The Witch in the Woods: The Transmigration of Hazel-Anne Davis-Chapter 356: Fires That Burn
"Useful." The word landed heavy in the space between them. He didn’t apologize for it and didn’t try to explain it away.
"Useful where," she teased.
"Where I’m set down." He turned his head just enough to make it a real conversation. "You set me by the Emperor. That’s the post. So I hold it. I don’t want a prettier one."
She considered that, then nodded. "Good."
A runner reached the base of the wall and didn’t make the mistake of shouting.
He waited until a posted guard noticed him and then sent the message hand to hand the way rivers pass buckets.
It reached Longzi without noise. He scanned it once.
"Kiln bend sealed," he reported. "Two rope boys reassigned to Aunt Ping’s command. She’s never been so happy."
"She will be insufferable," Xinying replied, but there was warmth under it.
He set the slip on the parapet and watched a gull eye him like a critic. "The Jackal will test again."
"I would expect nothing less."
"He’ll bring someone who looks like a priest."
"I’ll bring a broom."
He nodded, satisfied with the plan. It was a good plan.
Most good plans in this palace seemed to end with Aunt Ping and a broom.
He admired that fact and that woman more than he intended to say.
A cloud crawled in from the west.
The light shifted; the river put on a colder face. Down in the inner court, Mingyu crossed a threshold with a junior minister bracketed at his side.
The boy talked like floodwater; Mingyu let him.

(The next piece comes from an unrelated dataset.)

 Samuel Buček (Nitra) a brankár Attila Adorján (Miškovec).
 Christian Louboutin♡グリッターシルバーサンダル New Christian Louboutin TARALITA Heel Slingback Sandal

Every third step, the Emperor said a word that turned the flood into irrigation.
"Your husband," Longzi said out of the blue.
"What about him."
"He’s better at boredom than I expected."

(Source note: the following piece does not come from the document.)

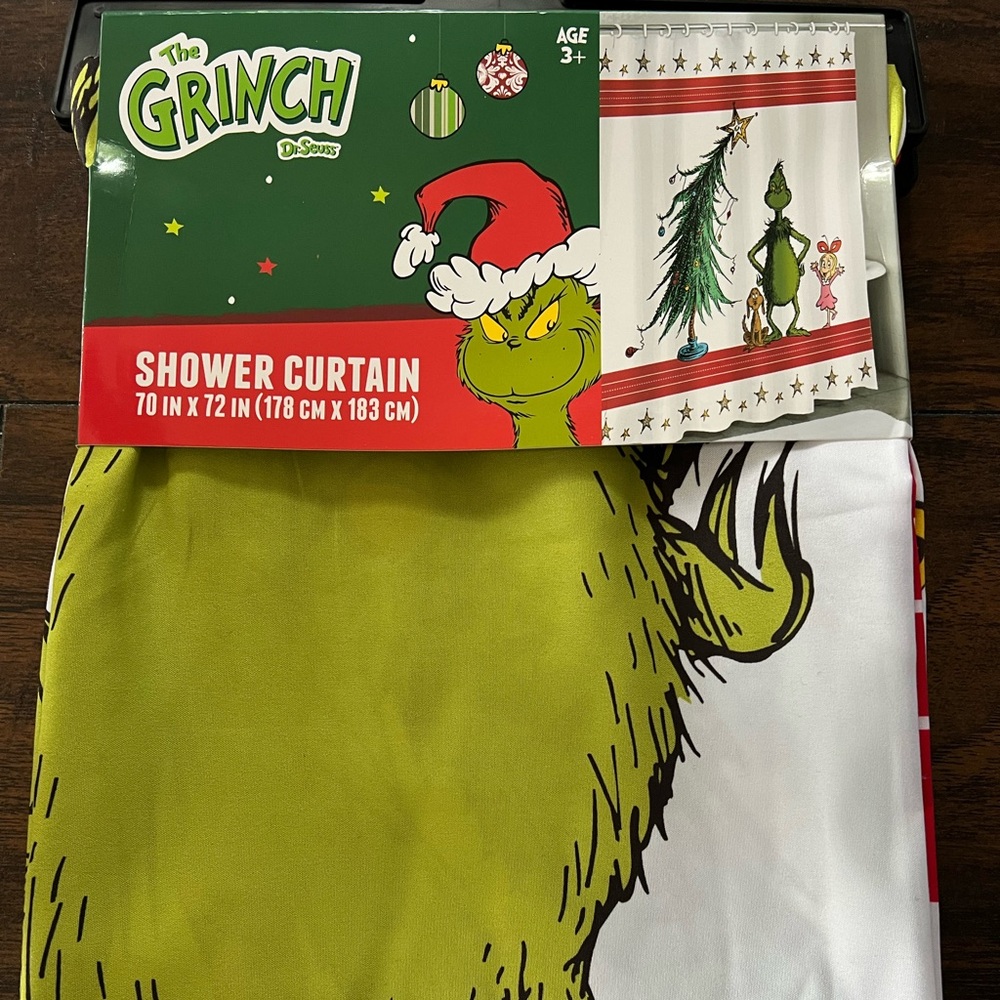 Grinch and Cindy lu shower curtain NWT!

"Boredom is war by other means," Xinying replied.
He accepted that and filed it next to doors and rope. "He wants us alive."
"I know."
"I want you alive," he said, and for the first time, he didn’t phrase it like a duty. He phrased it like an oath.
She didn’t answer. She finished the ginger and set the cup on the stone between them, careful, as if cups were worth not breaking.
"You brought a veteran to our meeting in the alley behind the kiln," she said after a time. "He stood fifty paces back and didn’t breathe wrong once."
"Chen," Longzi said. "He knows how to be part of a wall."
"Does he know you’re part of mine."
"He knows my orders." He adjusted his stance. The movement made something in his shoulder complain. He ignored it. "He also knows I ignore my mother."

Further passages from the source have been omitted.